Well I'm not saying they are supposed to do it, I just think each mill has different points of harmonics. I got to thinking about it more and I do remember getting it to where it wouldn't do it nearly as frequently. What you got to do is re-level it. I don't mean to infer it isn't level now, just take it off the blocks, move it over a few inches and/or backward or forward, and then level it again. This is what worked for me. It will change the harmonics that set up between the inertia of the engine and how it transfers into the carriage. Also triple check that all your bolts (all ten thousand of them haha) are tight, and that one or more of the frame members is not askew. 


And the blade length is 144". I used to buy my blades from Minominee. I now use MunkforSsagar that I get from Kennesaw Supply out of Georgia. Menominee sells Munks now too, but I don't know if they have 144" blades available. When I say "they" I mean Menominee not Munks. Minominee buys large rolls of the blades in long lengths, and they cut and weld their own lengths based on what they want to sell. There's a lot of LM2000 out there now so maybe they are making 144" blades now. 



.


----------



## Drew Pavlak (Aug 21, 2010)

Thanks guys for your help. I will try to relevel and see what happens. I will check the suppliers as well. Anyone ever heard of Lenox before? The blades seem to be holding up well, I just am not familiar with them. We have 10 blades and have used 4 or 5 so far. I think we have sawn about 12 to 15 logs so far, maybe. I think we can get 10 blades for about $175 from a supplier I found. I think they were about $15 a blade. That sounds reasonable to me, but I haven't purchased blades before, so not really sure.

Thanks,
Drew


----------



## TexasTimbers (Oct 17, 2006)

Lenox Woodmaster was what Norwood was using when I bought my mill. They are good blades but not as good as Munks IMO. You had to flip them inside-out to make the teeth point in the right direction. Do you still have to do that? Those prices seem reasonable. 

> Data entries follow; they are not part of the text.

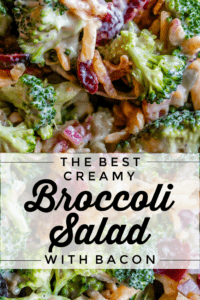 spoonful of broccoli, cheese, bacon, cranberry, with dressing
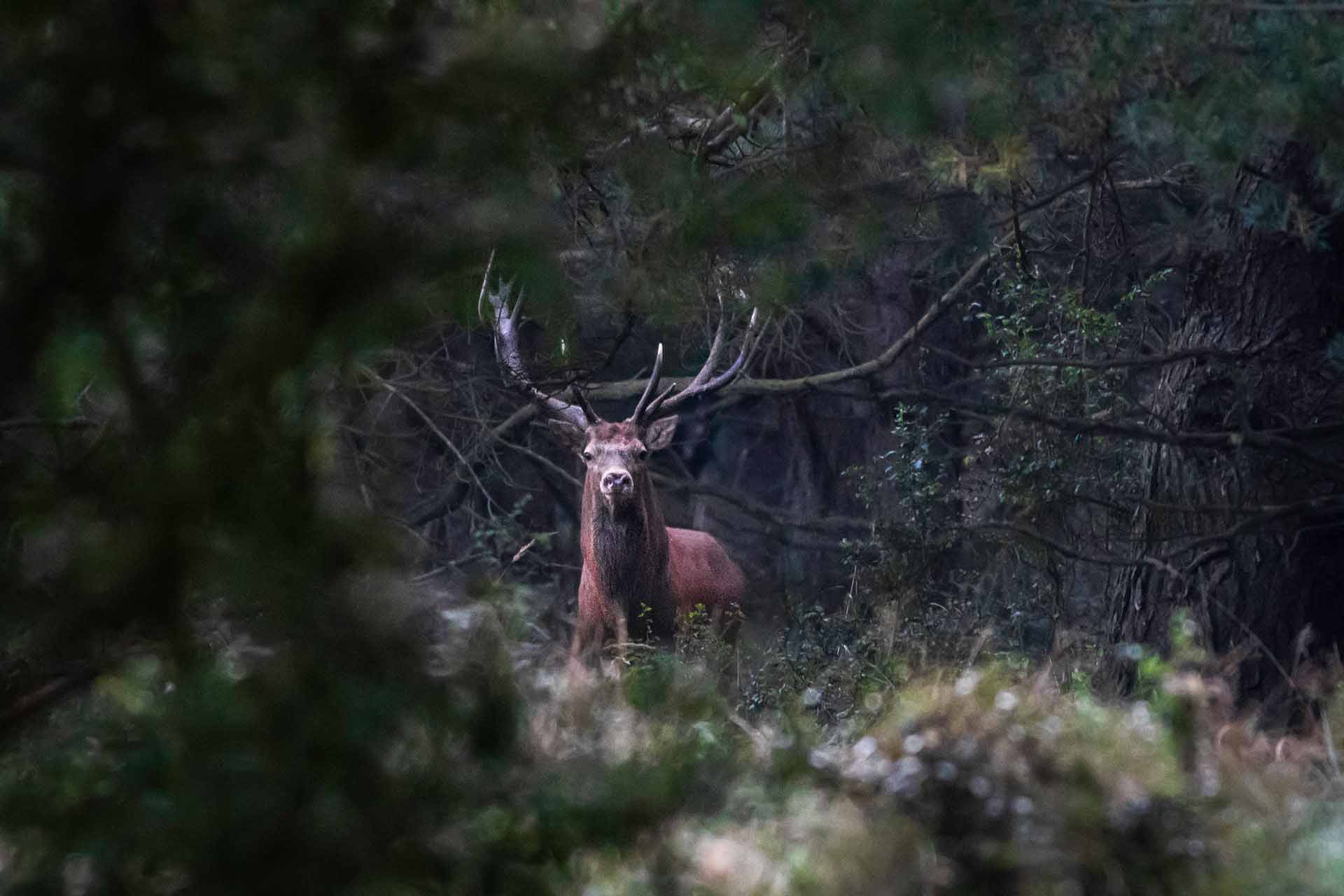 Red deer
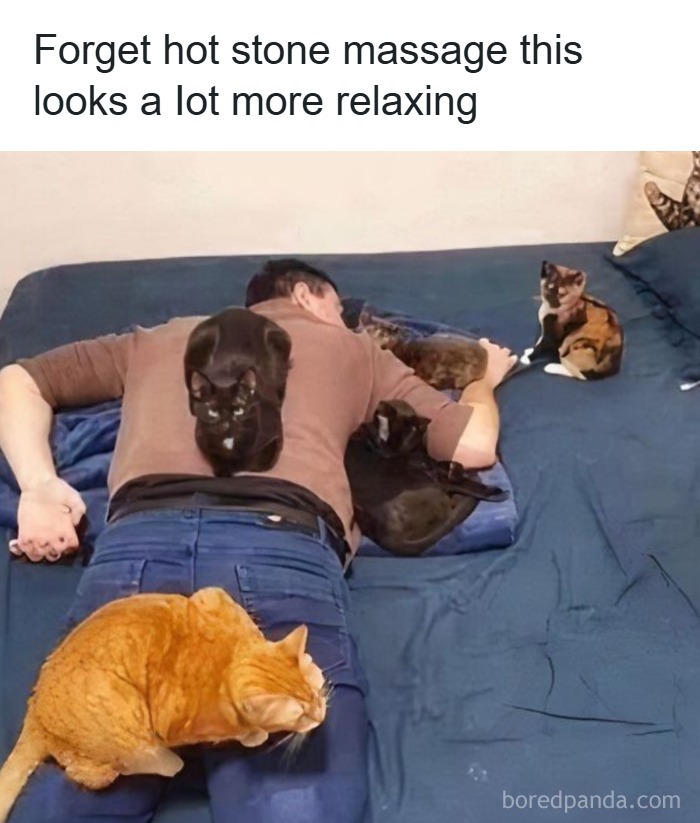50 Cat Memes That Might Make Your Holidays Way More Special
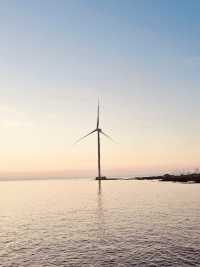 A Unique Blend of Natural Beauty and Modern Windmills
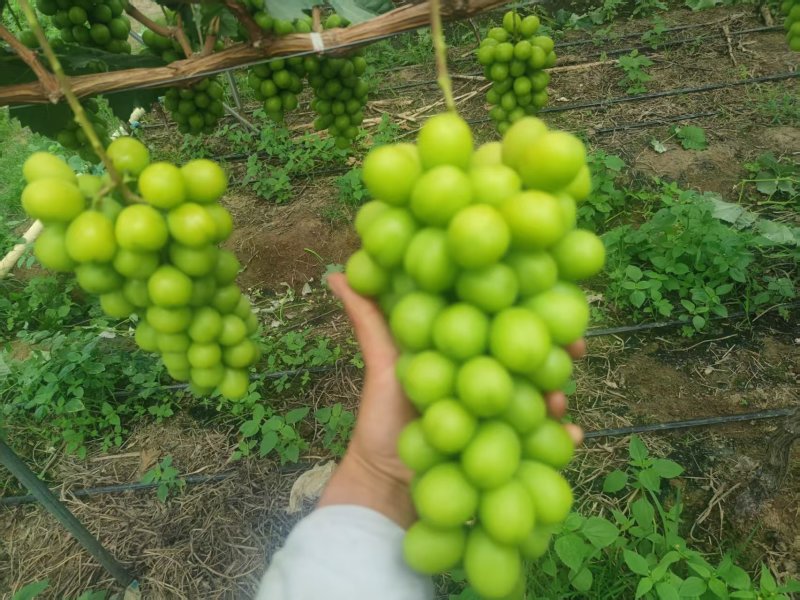 阳光玫瑰货量充足。欢迎电商果汁厂老板来对接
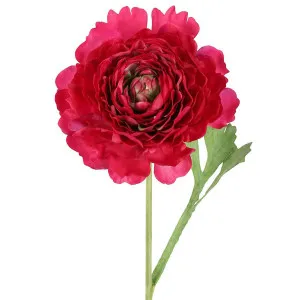 Ranunculus Stem 56cm Dark Pink by Florabelle Living, a Plants for sale on Style Sourcebook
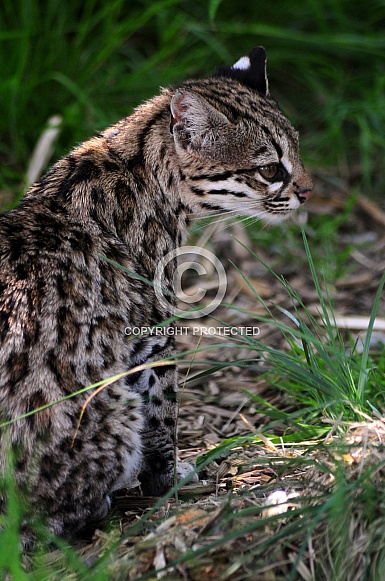 Oncilla (Leopardus tigrinus)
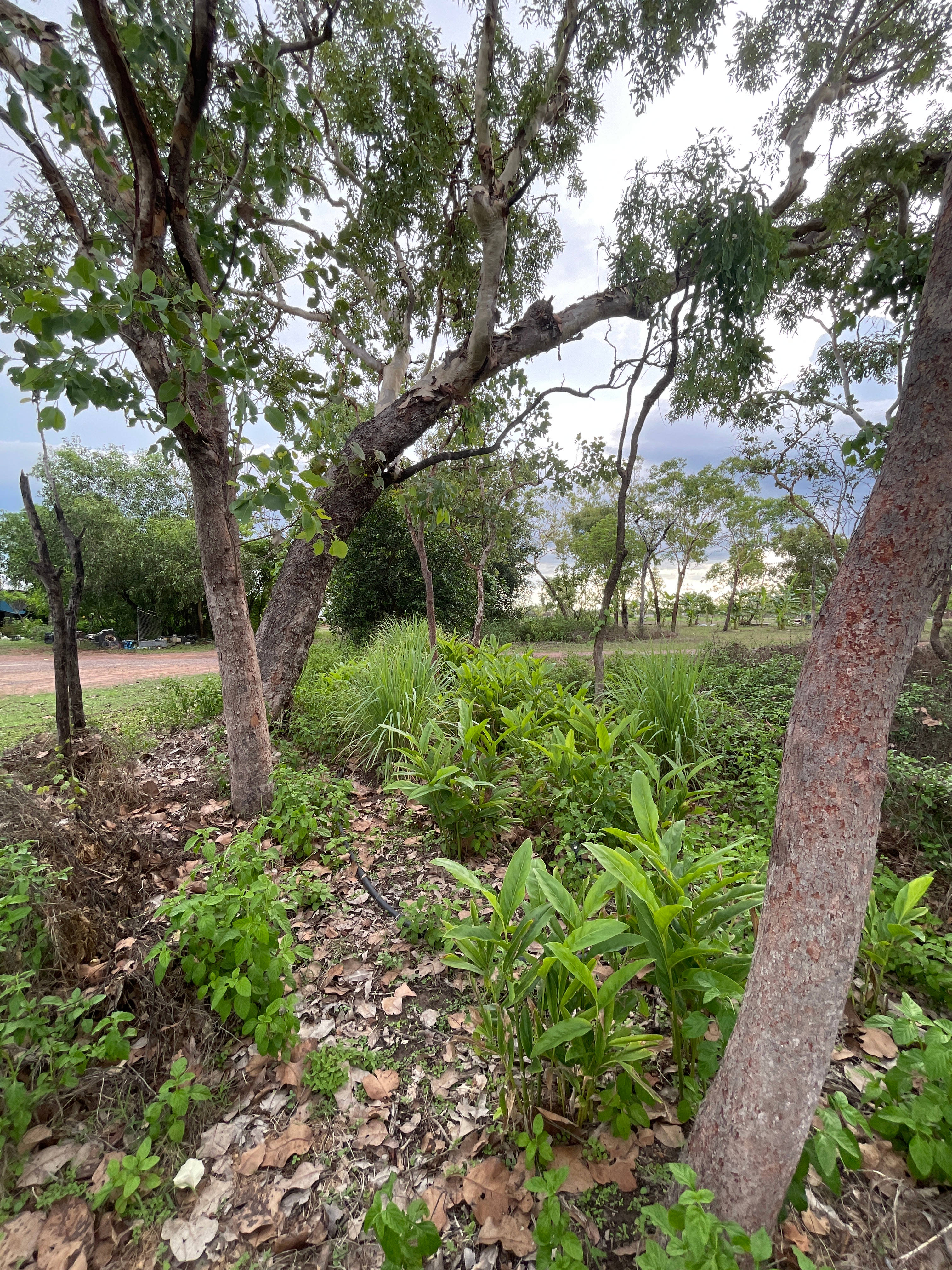 Williams family farm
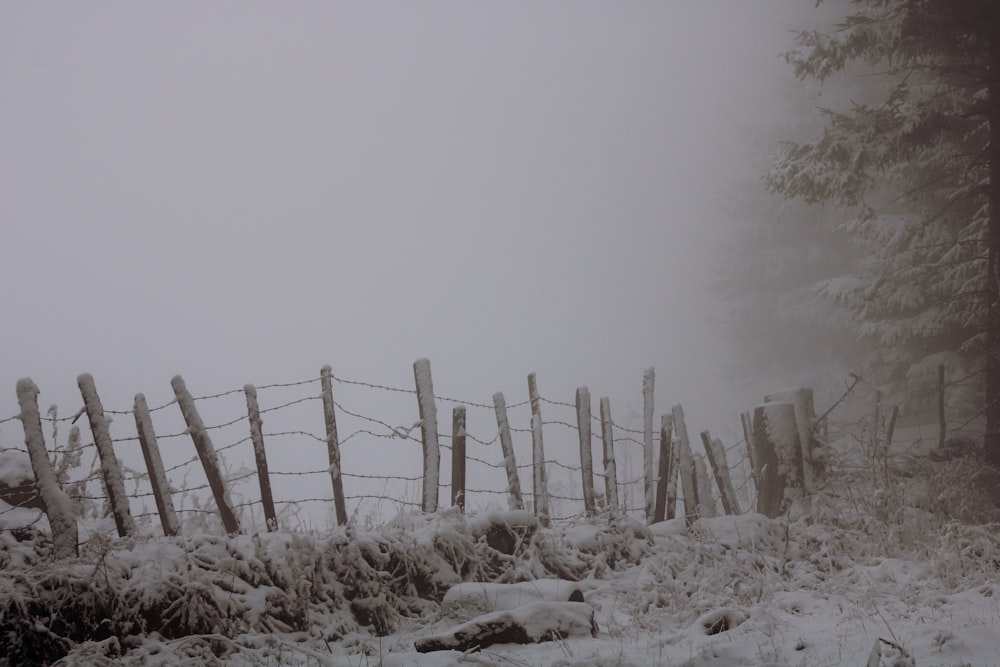 brown wooden fence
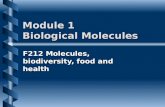 F212 Module 1 Biological Molecules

Remember that choosing a blade is going to ultimately be based on your own experience. Some like Stihl some like Husky some like Dolmar. Blades are no different. SOme swear by Woodmizer blades but I don't get that. Ya might give Cook's SuperSharps a try. I had a bad experience with them and didn't give them a second try, but I may in the future. 




.


----------



## Drew Pavlak (Aug 21, 2010)

I talked to my dad about the Shimmy problem and he looked at the rails yesterday and noticed one rail was a little lower than the other. He jacked it up and we will test it out this weekend. I will let you know if that take care of the problem or reduces it.

Thanks for the help.
Drew


----------